I would like to be able to assign values to class' attributes without specifying them.

What i would like to make work

A)


class HoldingStuff(object):

    def __init__(self, **args):
        self.a = 1
        self.b = '1'
        self.c = 2
        self.d = '3'
        self.e = 4
        for arg in args:
            self[arg] = args[arg]

first = HoldingStuff(a=5)
second = HoldingStuff(d=2, e='2')

Of course i could just use a dictionary within the class which holds the values. There is a big downside to that however, because i can not use code completion for the attributes then. Which makes them hard to reuse and find. (The attributes are an extensive list of mutable parameters for a simulation.)

What does work (and is unpractical)

B)


class HoldingStuff(object):

    def __init__(self, **args):
        self['a'] = 1
        self['b'] = '1'
        self['c'] = 2
        self['d'] = '3'
        self['e'] = 4
        for arg in args:
            self[arg] = args[arg]

What kinda works

C)


class HoldingStuff(MutableMapping):

    def __init__(self, **args):
        self.a = 1
        self.b = '1'
        self.c = 2
        self.d = '3'
        self.e = 4
        for arg in args:
            self[arg] = args[arg]

    def __setitem__(self, k, v) -> None:
        if k =='a':
            self.a = v
        elif k =='b':
            self.b = v
        elif k =='c':
            self.c = v
        elif k =='d':
            self.d = v
        elif k =='e':
            self.e = v
        else:
            print(k, "Not available for class.")

    def __delitem__(self, v) -> None:
        pass

    def __getitem__(self, k) -> _VT_co:
        if k =='a':
            return self.a
        elif k =='b':
            return self.b
        elif k =='c':
            return self.c
        elif k =='d':
            return self.d
        elif k =='e':
            return self.e
        else:
            print(k, "Not available for class.")

    def __len__(self) -> int:
        return 5

    def __iter__(self):
        print("Not implemented")

The functions __setitem__ and __getitem__ seem obvious and repetitive!
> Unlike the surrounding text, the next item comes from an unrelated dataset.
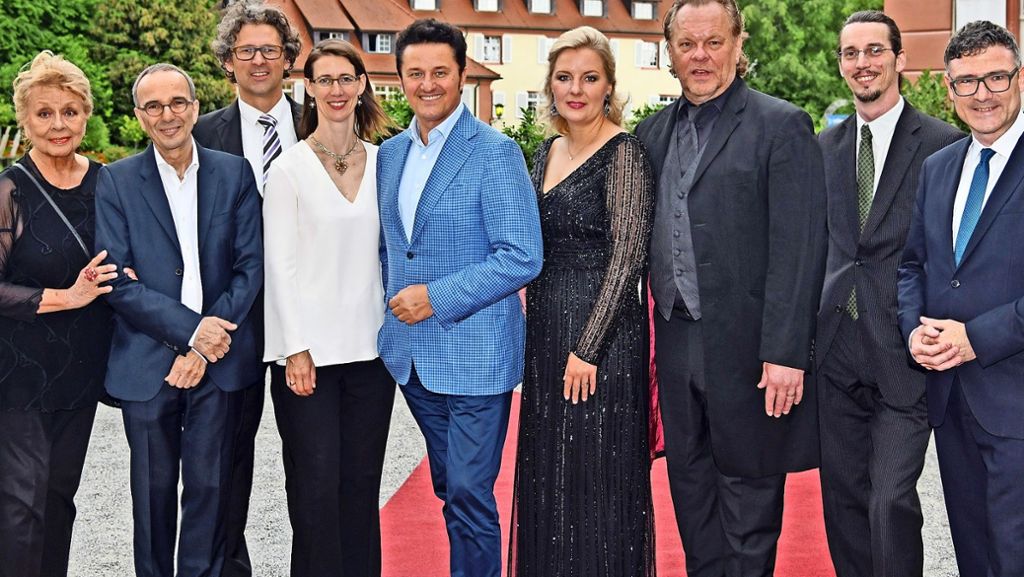 Stuttgarter Kulturprominenz am Bodensee: Eine  Gala der Weltklasse auf  der Blumeninsel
Question Is there a way to reduce the source code of example C) to work in an implicit way of example A) ?

2
  • 1
    Why are you using **args at all? This issue never would have come up if you just wrote out your argument list normally and assigned attributes from the argument values normally. Commented Oct 15, 2019 at 9:22
  • 1
    It doesn't look like you even want to support arbitrary extra user-provided names, judging by those __getitem__ and __setitem__ methods (and arbitrary user-provided names wouldn't work with the code completion you're after either). Allowing callers to specify arbitrary keywords is the entire design purpose of **. Commented Oct 15, 2019 at 9:24

3 Answers 3

3

Use setattr.

for name, value in args.items():
    setattr(self, name, value)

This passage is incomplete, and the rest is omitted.